Saturday, January 7, 2017


   As we all heard from the Corporate Media, another of our politically-corrected Pentagon's members went berserk in a Florida airport; killing and maiming dozens of innocent people. The suspect was known to the FBI; which was too busy investigating alleged Russian e-mail hacking to do anything. The suspect allegedly took a gun from his baggage and began randomly shooting; unnoticed by the TSA who were, no doubt, busily strip-searching attractive young boys in town for Pride Week. And the Corporate Media and Liberal politicians assure us all that allowing known violent madmen to roam the streets at will poses no danger to society; while carrying firearms for self-defense, does.

     There was, however, some better aviation news today. SANA reported that the first successful test-flight from Aleppo International Airport took off today. This was the first flight since 2013, when US-backed terrorist forces took over the city. The newly-liberated citizens of Aleppo gathered to watch the feat; and were addressed by Syria's Minister of Transportation who stated that commercial flights could be opened in Aleppo again as early as next month.
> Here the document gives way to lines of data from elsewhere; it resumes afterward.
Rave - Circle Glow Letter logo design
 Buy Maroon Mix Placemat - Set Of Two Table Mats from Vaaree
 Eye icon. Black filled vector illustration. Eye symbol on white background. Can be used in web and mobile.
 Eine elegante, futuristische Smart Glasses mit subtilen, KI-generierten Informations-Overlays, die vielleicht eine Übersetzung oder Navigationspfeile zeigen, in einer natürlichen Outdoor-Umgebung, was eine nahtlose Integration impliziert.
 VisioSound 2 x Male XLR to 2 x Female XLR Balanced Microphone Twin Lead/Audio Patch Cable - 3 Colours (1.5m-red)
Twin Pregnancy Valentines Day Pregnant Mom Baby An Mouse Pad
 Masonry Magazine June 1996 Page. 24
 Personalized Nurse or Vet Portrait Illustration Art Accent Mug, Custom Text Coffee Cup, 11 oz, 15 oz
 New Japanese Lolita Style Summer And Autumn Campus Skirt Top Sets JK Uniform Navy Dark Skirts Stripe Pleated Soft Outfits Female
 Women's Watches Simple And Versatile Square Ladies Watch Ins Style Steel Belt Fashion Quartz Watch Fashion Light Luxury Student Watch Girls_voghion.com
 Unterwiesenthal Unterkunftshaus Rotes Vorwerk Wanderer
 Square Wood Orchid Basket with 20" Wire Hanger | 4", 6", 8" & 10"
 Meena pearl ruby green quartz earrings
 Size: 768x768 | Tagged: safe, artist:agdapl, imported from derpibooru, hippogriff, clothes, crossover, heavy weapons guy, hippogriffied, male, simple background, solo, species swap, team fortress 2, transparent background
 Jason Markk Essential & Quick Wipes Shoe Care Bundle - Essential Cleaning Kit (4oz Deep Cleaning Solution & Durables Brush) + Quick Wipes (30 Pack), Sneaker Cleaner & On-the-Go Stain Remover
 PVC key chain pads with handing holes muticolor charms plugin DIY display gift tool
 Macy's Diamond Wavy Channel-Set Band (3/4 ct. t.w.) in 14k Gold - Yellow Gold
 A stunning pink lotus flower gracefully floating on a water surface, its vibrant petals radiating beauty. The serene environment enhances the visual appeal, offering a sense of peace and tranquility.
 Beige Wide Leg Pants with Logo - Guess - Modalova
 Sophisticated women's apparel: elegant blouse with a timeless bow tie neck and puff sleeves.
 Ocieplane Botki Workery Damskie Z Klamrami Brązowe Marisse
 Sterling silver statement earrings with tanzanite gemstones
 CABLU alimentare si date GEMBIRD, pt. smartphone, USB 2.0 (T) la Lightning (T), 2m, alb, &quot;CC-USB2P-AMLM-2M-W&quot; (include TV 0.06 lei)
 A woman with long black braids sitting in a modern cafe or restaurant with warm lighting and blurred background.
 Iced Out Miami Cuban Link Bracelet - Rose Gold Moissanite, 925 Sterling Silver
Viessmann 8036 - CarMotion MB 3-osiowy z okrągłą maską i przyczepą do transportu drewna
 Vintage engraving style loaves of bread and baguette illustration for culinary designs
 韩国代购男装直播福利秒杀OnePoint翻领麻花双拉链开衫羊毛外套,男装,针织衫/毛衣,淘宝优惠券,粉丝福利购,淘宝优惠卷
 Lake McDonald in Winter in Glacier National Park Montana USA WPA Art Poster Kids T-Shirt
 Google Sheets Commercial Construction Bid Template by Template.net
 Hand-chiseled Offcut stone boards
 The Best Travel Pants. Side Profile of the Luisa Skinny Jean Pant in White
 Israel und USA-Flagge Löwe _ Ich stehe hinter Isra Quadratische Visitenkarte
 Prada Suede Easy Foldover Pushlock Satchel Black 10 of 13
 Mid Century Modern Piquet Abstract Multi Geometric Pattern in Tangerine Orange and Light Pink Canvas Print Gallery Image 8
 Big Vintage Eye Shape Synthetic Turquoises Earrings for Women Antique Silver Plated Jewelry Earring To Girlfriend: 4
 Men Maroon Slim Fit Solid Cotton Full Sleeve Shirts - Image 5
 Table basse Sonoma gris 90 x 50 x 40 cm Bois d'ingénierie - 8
    This was quite a triumph for Syria. Aleppo was formerly the country's largest airhub. Allied Forces captured the airport a little over two weeks ago and it is now almost fully operational. Contrast that scenario with exceptionalist America---where even building a new runway can take several years.

    The condition of US Airports is so bad that the American Society of Civil Engineers rated our system as 'poor' in its 2016 Annual Infrastructure Report. The report concluded that "An aviation system that was once the envy of the world is being overtaken by countries with ambitious investment programs for developments of dozens of modern airports. US airports are no longer ranked among the world's best by air travelers. General reports to the National Plan for an Integrated Airport System (NPIAS) continue to be at risk; as funding for upkeep and improvements remains limited."

   The ASCE reported that, by many reliable estimates, the congestion and delays at US airports costs the commercial sector over $22 billion in lost revenue annually; and estimates that this figure will rise to $34 billion by the next decade. This is not even counting lost tourism and domestic travel revenue. This figure has been down since the TSA was established in 2001---for reasons well-known to every American traveler.

    The report especially cited the failure to implement modern air traffic control technology. In 2003, President Bush authorized a upgraded high-tech system, which hasn't been acted upon since. Most airports are using obsolete radar-technologies which were approved by the Johnson Administration in the 1960s. Modern foreign airports employ GPS-satellite technologies. Not surprisingly, aircraft failures have also increased, with inspections increasingly underfunded.

    The most recent data shows that US airports maintain a pathetic 79% on-time rate for airliners. Aviation's total economic impact has been steadily declining for almost two decades, with high fuel prices, security delays, and traffic congestion cited as the main reasons.

     Maybe the US Media and political leaders should pay a little more attention to the overall condition of our airways before they start spouting off about gun control and other bogus 'security' harassment---none of which have achieved anything since 2001.

    But what most likely will happen is that the public will continue dropping Prozac and listening to the Corporate Media. Airport shootings---like school and church shootings---can be just another 'New Normal' as degrading airport security measures and low-quality, overpriced airline service already has.